**EXERCISE:** Repeat, word for word, each of the records shown below, without their pictures.

(Beginning of DATA FOR THIS EXERCISE)

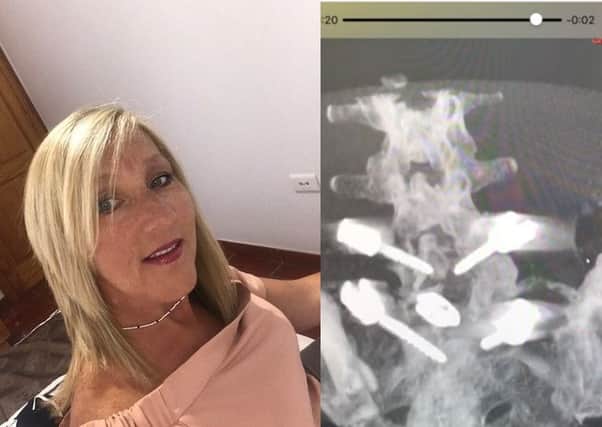 Tracey Watson and a X-ray image of her spine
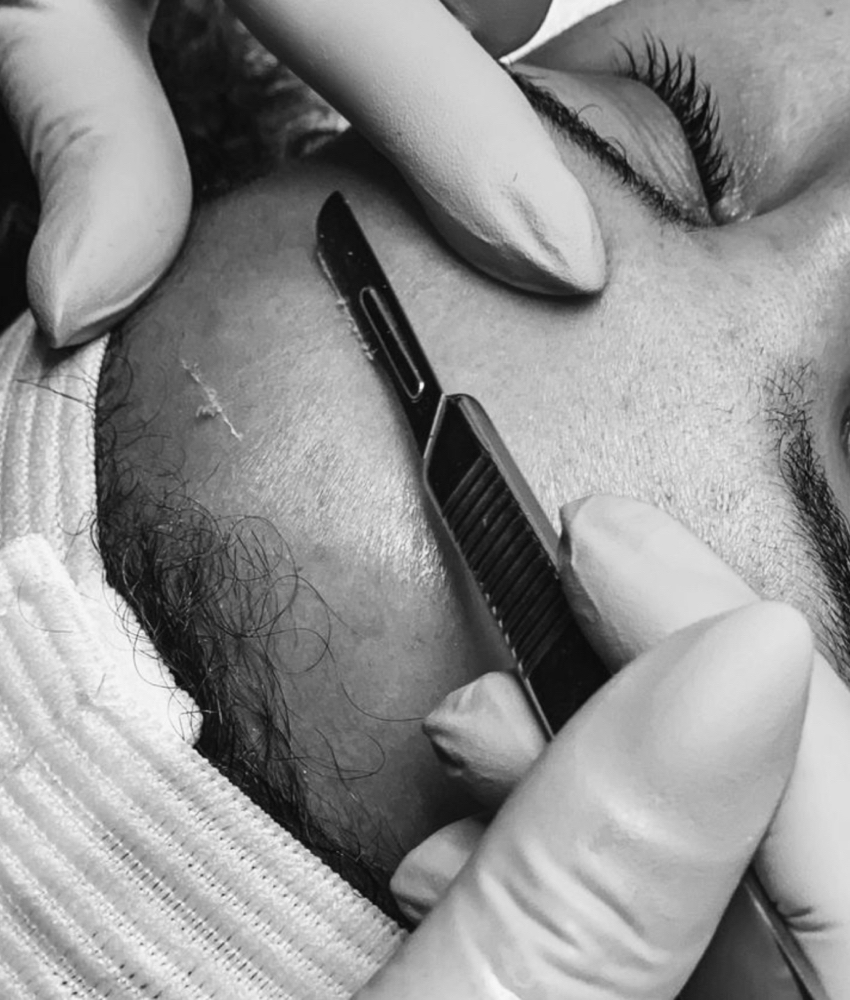 Express Dermaplane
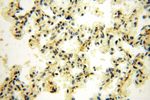 UNC13D/Munc13-4 Antibody in Immunohistochemistry (Paraffin) (IHC (P))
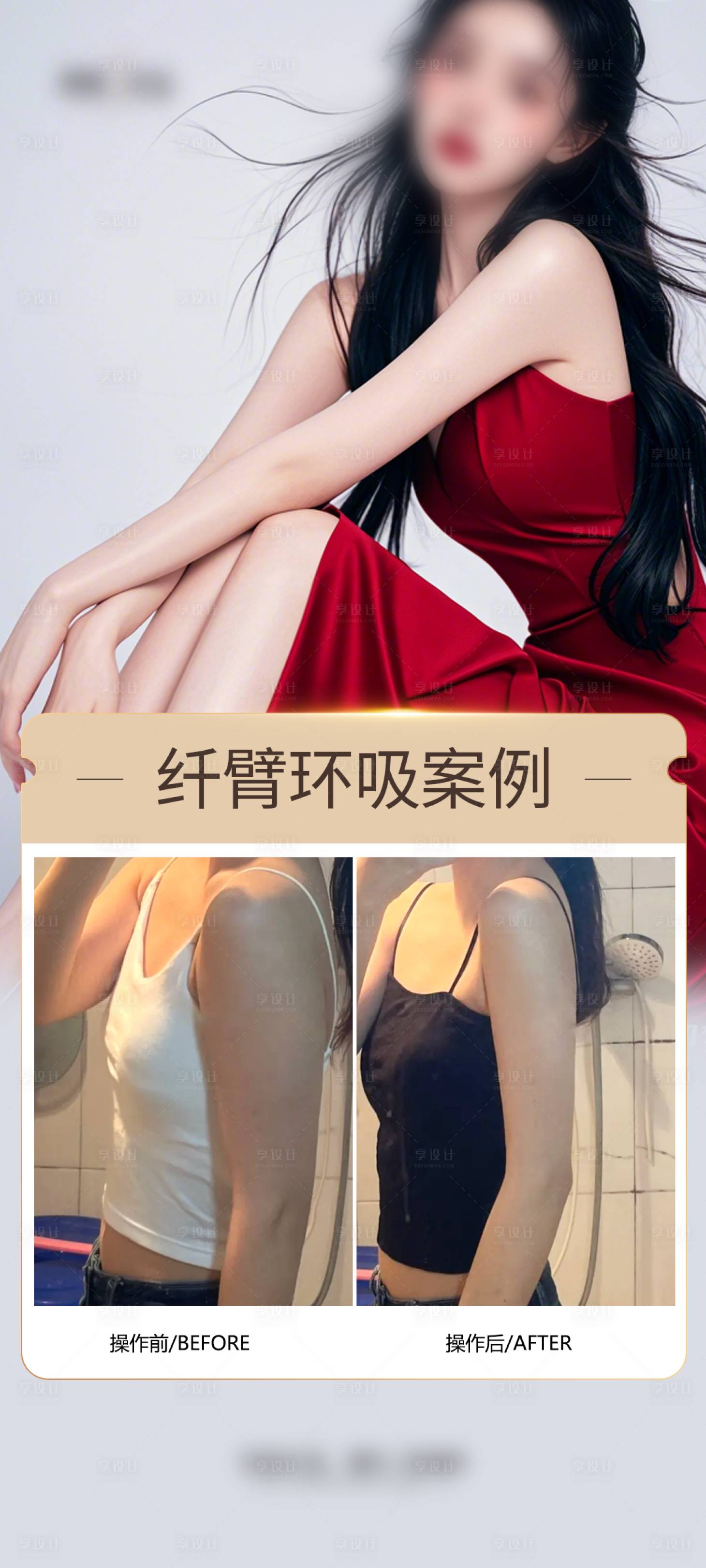 源文件下載【享設(shè)計(jì)】搜索編號(hào)：61870029380894211【醫(yī)美纖細(xì)手臂案例海報(bào)】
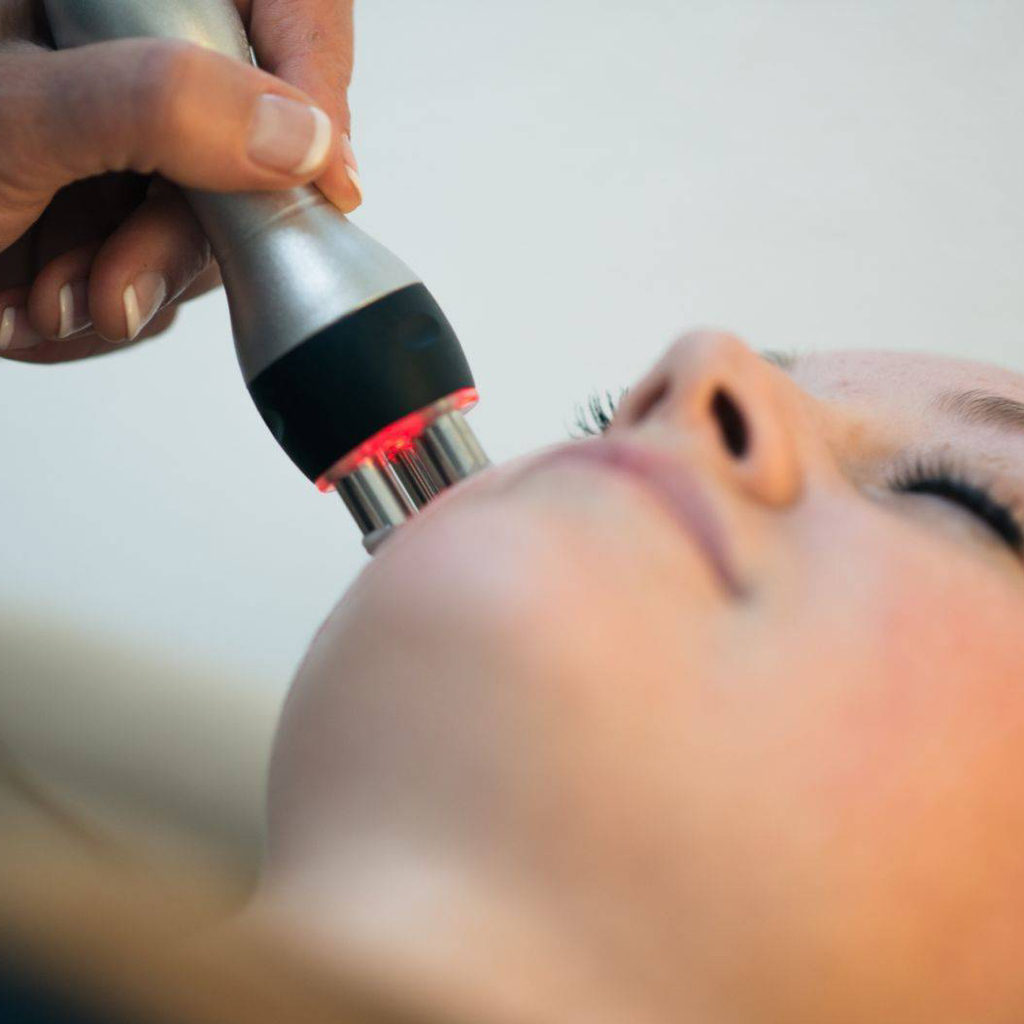 RF- лифтинг лица ( разовая процедура)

(End of DATA FOR THIS EXERCISE)

**EXERCISE OUTPUT:**
 Tracey Watson and a X-ray image of her spine
 Express Dermaplane
 UNC13D/Munc13-4 Antibody in Immunohistochemistry (Paraffin) (IHC (P))
 源文件下載【享設(shè)計(jì)】搜索編號(hào)：61870029380894211【醫(yī)美纖細(xì)手臂案例海報(bào)】
 RF- лифтинг лица ( разовая процедура)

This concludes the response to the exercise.